L’assassinat ciblé du général iranien Qassem Soleimani, 62 ans, chef de la force Al-Qods – unité d’élite du Corps des Gardiens de la révolution chargée des opérations extérieures – lors d’une frappe de drone ordonnée par les Etats-Unis, répond forcément à une décision qui a été concertée aux plus hauts niveaux du renseignement et de l’état-major des armées américains. D’une part, parce qu’elle visait un haut dignitaire du régime iranien, proche du Guide suprême Ali Khamenei. D’autre part, parce qu’elle a été prise en violation de la souveraineté nationale irakienne.

Elle ne pouvait donc être le fait d’un simple coup de tête.

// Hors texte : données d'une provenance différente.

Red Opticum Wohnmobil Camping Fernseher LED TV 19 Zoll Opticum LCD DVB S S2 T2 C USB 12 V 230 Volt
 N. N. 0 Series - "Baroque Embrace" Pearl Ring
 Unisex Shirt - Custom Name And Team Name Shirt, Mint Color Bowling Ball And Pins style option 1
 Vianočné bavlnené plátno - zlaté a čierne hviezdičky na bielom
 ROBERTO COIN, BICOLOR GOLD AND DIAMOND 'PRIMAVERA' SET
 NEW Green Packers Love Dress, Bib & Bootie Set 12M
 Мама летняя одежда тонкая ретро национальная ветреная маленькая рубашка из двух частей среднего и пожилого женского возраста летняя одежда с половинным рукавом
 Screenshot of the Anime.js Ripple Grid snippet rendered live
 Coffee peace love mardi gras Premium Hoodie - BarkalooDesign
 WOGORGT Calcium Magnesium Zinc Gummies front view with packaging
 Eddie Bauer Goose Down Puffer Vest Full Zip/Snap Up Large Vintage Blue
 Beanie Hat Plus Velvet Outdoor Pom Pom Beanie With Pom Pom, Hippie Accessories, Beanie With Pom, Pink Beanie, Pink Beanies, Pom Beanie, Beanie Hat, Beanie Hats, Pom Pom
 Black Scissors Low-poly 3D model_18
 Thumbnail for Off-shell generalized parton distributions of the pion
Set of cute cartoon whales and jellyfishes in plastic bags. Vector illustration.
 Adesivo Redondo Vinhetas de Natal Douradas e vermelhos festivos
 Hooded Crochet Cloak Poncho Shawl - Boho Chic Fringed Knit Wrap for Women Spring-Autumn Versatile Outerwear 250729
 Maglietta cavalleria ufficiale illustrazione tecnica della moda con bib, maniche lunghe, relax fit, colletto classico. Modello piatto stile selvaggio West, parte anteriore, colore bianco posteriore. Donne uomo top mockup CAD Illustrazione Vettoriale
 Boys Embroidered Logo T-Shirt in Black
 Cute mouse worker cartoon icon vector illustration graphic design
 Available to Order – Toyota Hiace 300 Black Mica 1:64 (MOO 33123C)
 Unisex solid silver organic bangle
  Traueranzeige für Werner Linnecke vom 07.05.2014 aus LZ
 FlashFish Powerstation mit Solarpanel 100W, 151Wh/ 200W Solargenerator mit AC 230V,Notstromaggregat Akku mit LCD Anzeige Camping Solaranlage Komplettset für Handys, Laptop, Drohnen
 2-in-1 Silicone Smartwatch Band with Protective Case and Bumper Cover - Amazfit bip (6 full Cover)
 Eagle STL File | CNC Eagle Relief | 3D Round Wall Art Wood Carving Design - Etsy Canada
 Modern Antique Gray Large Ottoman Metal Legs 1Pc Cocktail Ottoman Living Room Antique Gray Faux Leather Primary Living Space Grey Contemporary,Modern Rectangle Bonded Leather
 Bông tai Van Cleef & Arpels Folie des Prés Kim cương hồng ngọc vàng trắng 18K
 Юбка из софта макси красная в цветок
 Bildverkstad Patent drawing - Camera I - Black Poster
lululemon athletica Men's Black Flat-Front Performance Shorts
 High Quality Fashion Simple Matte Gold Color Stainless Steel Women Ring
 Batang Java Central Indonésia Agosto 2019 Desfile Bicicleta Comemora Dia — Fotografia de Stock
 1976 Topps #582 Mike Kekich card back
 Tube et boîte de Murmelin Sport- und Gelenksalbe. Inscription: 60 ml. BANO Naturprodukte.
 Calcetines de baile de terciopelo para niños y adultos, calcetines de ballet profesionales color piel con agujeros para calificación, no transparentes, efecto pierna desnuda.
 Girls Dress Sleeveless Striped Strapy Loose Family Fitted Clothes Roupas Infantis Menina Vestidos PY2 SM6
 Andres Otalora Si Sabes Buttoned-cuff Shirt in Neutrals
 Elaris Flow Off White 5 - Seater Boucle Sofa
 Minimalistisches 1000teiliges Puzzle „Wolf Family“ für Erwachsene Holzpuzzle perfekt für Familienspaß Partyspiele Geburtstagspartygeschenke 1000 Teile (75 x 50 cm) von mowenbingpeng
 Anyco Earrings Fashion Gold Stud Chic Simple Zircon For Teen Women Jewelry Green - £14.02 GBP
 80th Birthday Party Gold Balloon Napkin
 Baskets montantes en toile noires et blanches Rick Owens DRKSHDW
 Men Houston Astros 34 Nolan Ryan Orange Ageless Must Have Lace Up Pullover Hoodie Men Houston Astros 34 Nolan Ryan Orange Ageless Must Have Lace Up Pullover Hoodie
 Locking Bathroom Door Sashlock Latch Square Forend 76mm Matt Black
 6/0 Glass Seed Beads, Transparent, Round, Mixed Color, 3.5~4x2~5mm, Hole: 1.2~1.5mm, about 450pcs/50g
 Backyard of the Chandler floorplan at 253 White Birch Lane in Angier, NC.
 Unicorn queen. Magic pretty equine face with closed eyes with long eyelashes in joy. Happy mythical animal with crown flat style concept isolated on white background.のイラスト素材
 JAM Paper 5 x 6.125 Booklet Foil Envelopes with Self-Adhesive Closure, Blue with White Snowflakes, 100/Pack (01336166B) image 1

Rappelons que depuis plusieurs mois, le président américain Donald Trump a eu à au moins deux reprises la tentation d’une intervention contre des installations iraniennes, suite notamment à l’arraisonnement dans le détroit d’Ormuz d’un tanker en juillet 2019, puis à un raid sur les installations pétrolières en Arabie saoudite en septembre. A chaque fois, il a finalement retenu son glaive sur les conseils avisés du Pentagone qui ne veut pas d’un nouvel embrasement au Moyen-Orient. 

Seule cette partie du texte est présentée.